FILE PHOTO: A combined formation of aircraft from Carrier Air Wing (CVW) 5 and Carrier Air Wing (CVW) 9 pass in formation above the Nimitz-class aircraft carrier USS John C. Stennis (CVN 74) in the Philippine Sea on June 18, 2016.     Courtesy Steve Smith/U.S. Navy/Handout via REUTERS
FILE PHOTO: A combined formation of aircraft from Carrier Air Wing (CVW) 5 and Carrier Air Wing (CVW) 9 pass in formation above the Nimitz-class aircraft carrier USS John C. Stennis (CVN 74) in the Philippine Sea on June 18, 2016. Courtesy Steve Smith/U.S. Navy/Handout via REUTERS

Thomson Reuters

BEIJING (Reuters) - China has denied a request for a U.S. warship to visit Hong Kong next month, the Wall Street Journal said on Tuesday, amid rising tension between Beijing and Washington over trade and a U.S. decision to sanction the Asian nation's military.

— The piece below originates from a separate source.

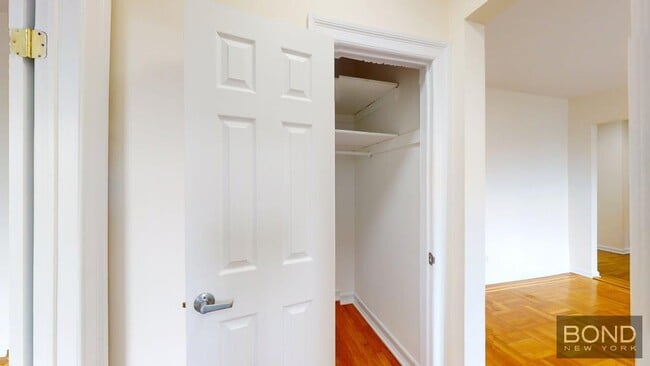 Building Photo - 620 W 171st St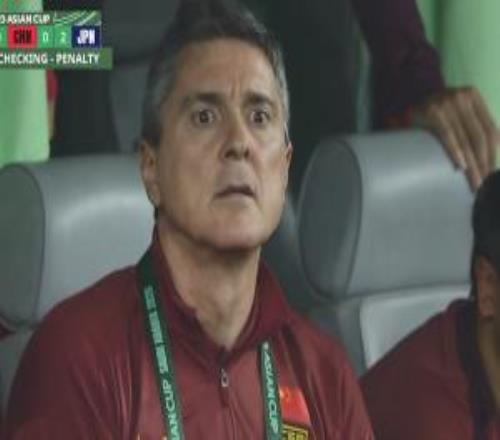 比赛第58分钟，U23国足被判罚点球，安东尼奥在替补席上有些无奈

Citing unnamed U.S. military officials, the paper said the amphibious assault ship Wasp had been due to make a port call in Chinese-ruled Hong Kong.

The U.S. consulate in the former British colony did not immediately respond to a request for comment.

In Beijing, Foreign Ministry spokesman Geng Shuang did not directly answer a question on whether China had denied the request.

"For requests for U.S. military ships to visit Hong Kong, China has always carried out approvals case by case, in accordance with the principle of sovereignty and the detailed situation," he told reporters, without elaborating.

In 2016, at a time of heightened tension over its territorial claims in the disputed South China Sea, China denied a request for a U.S. carrier strike group led by the John C. Stennis to visit Hong Kong.

On Saturday, China summoned the U.S. ambassador in Beijing and postponed joint military talks in protest against a U.S. decision to sanction a Chinese military agency and its director for buying Russian fighter jets and a surface-to-air missile system.

China and the United States are also embroiled in an increasingly bitter trade war.